“Please, don’t be too nice.”
That’s what TV star-turned-president Donald Trump told an all-cop audience in 2017 about how to handle suspects during an arrest.
But those police officers didn’t need to be told as much. They’ve been assured their entire lives by pop culture that good cops roughing up bad guys is what gets results. Only in our current apex Black Lives Matter moment, as countless videos reveal what it actually looks like when good cops behave not-nice toward supposed bad guys, is a critical mass beginning to question just what they’ve been rooting for in movies and TV shows—and what harm may have come of it.
A lot of this conversation revolves around television, where crime shows dominate a list of the top 100 most-watched series in 2019.
But movies have also reflected and helped shape America’s views on cops in a major way.
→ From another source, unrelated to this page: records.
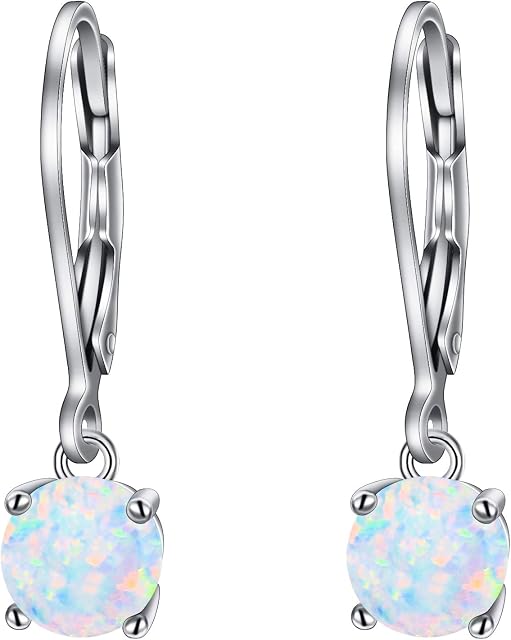 EVER FAITH Round Created Opal Earring, 925 Sterling Silver Dangle, Teardrop Leverback Earrings, 6mm Opal Genstone Pierced Earrings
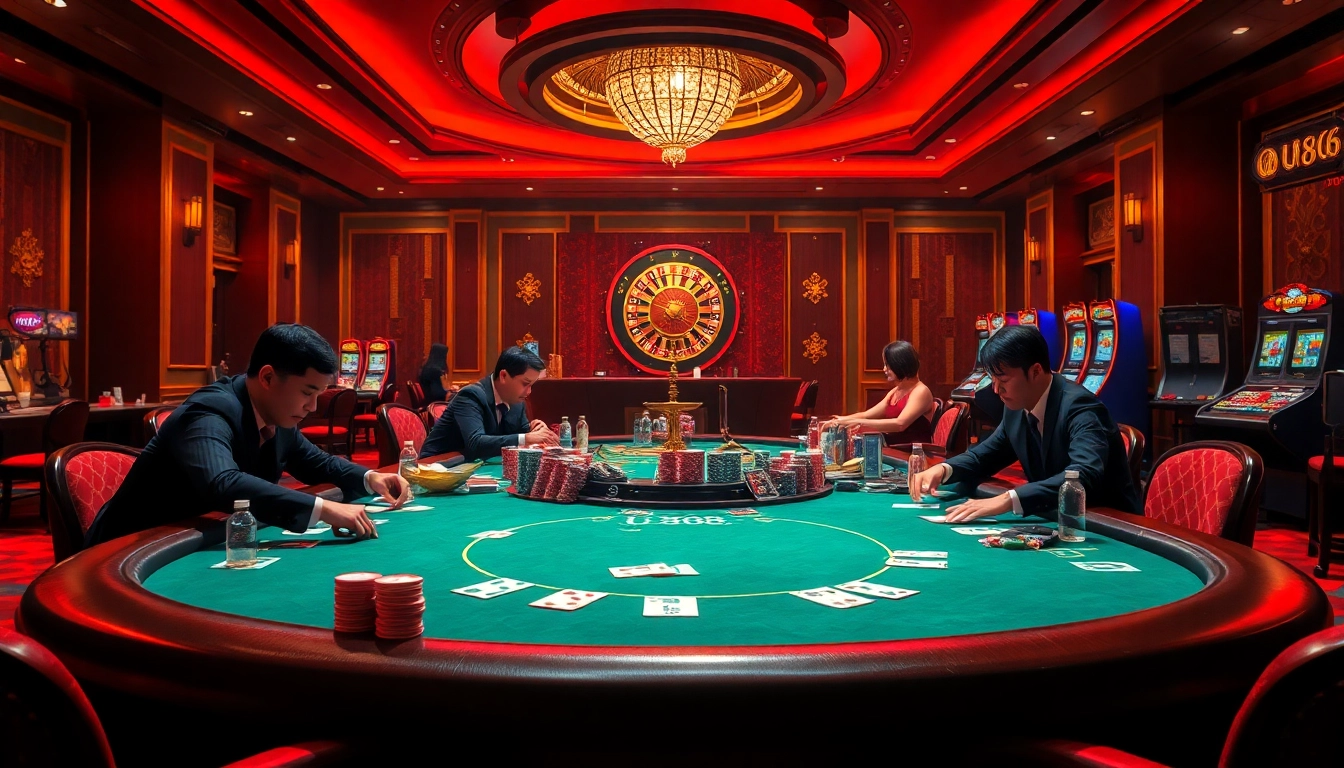 u888 poker players strategizing at a luxurious casino table with vibrant lighting and chips.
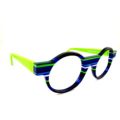 Lunettes de Vue De la Marque Wissing Modèle 3251 Coloris Bleu et Vert Fluo / Multicolore Ronde – Opticien Stéphanie Danjou Cambrai
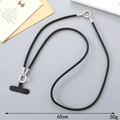 Detail of black woven PU leather phone lanyard with engraved metal ring and 65cm length - Long Style (65CM) / Black Braided Crossbody Style(K4768)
During the 1980s and ’90s, Sylvester Stallone reigned supreme as our most prolific police-portrayer, and the arc of his cinematic message on law enforcement shows how American views on the topic can evolve—and still fall short.
The type before the prototype
Considering that Stallone’s signature roles are a Vietnam vet and a boxer, it may be surprising how often he’s played improbably noun-named cops like Ray Tango and John Spartan over the years. Starting with appearances in the TV shows Police Story and Kojak in the mid-’70s, Stallone has acted as a cop a dozen times in his career.
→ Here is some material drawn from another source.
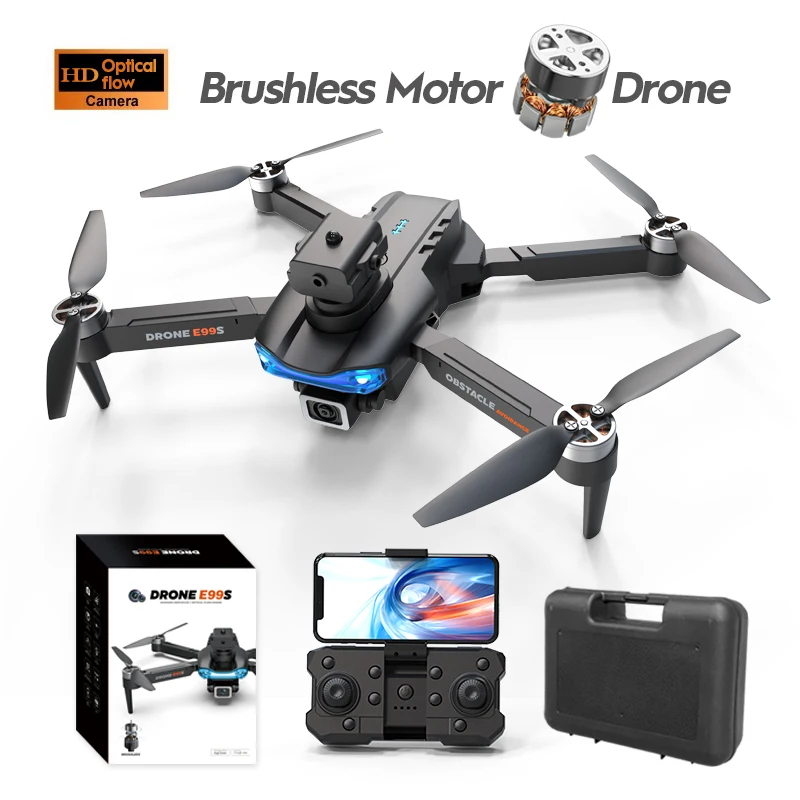 NM59654 Drone 4K HD Dual Camera Optical Flow Obstacle Avoidance Brushless Motor RC Helicopter Quadcopter Children Toy Gift - Black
Incredibly, some of his earliest roles went in the opposite direction. He gravitated toward the kind of anti-authoritarian parts that might get the actor put on a secret antifa watchlist today. He played an anti-war agitator taking direct action in 1973’s No Place to Hide, and a union leader who starts a riot in 1978’s F.I.S.T. Years later, antiwar activists at Harvard would protest Stallone during a campus visit for his portrayal of John Rambo, but in 1982’s First Blood, the character took on corrupt police in a small town.
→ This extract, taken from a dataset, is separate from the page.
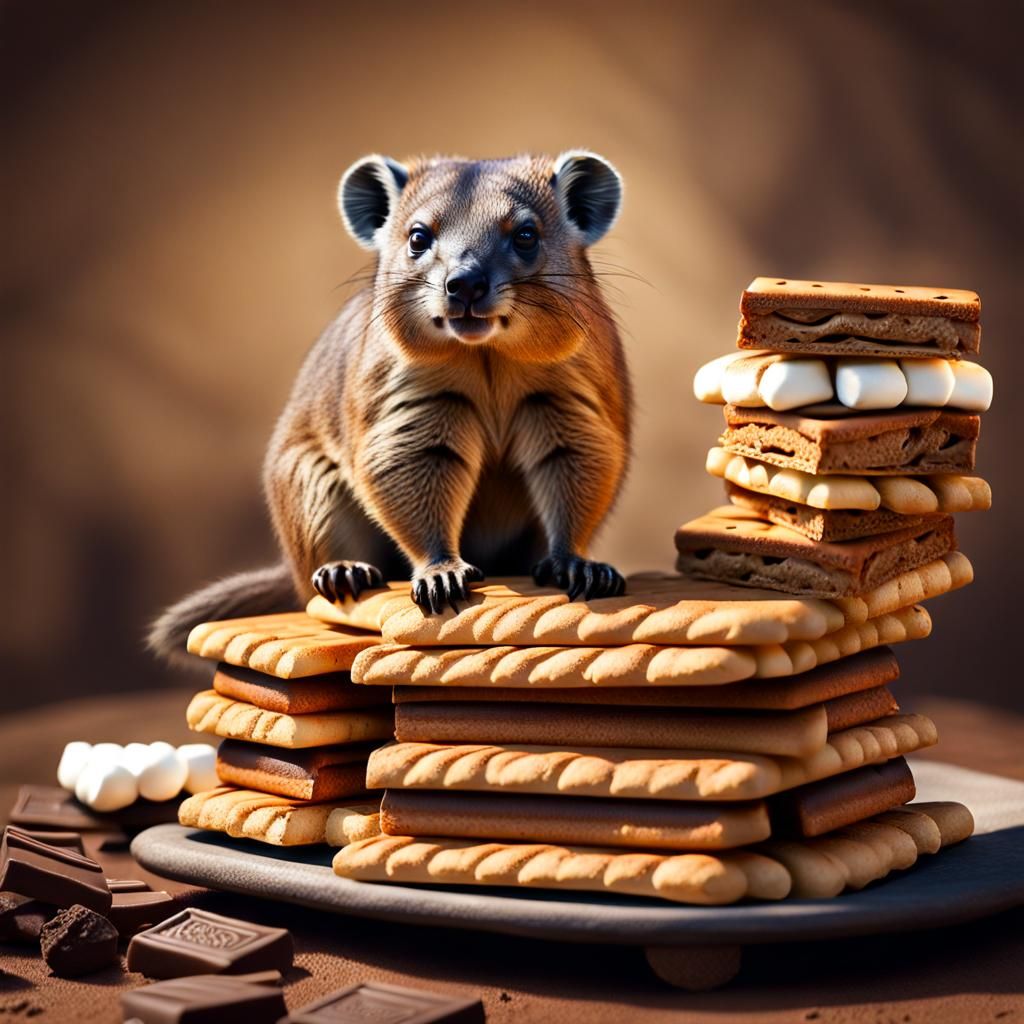 Rock Hyrax on Giant S'mores: Photorealistic 3D Image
But just as Rambo went from a crafty near-pacifist in First Blood to a machine gun-wielding, rocket-launching angel of death in its 1985 sequel, Stallone quickly changed his tone. The police in his films went from fascist figures who should be eyed with suspicion to gritty heroes like conservative street cop Deke DaSilva, whom he played in 1981’s Nighthawks. Eventually, the filmmaker attempted to do for cops with his film Cobra what he’d done for soldiers and boxers: give them a mononymed, aspirational, badass mascot.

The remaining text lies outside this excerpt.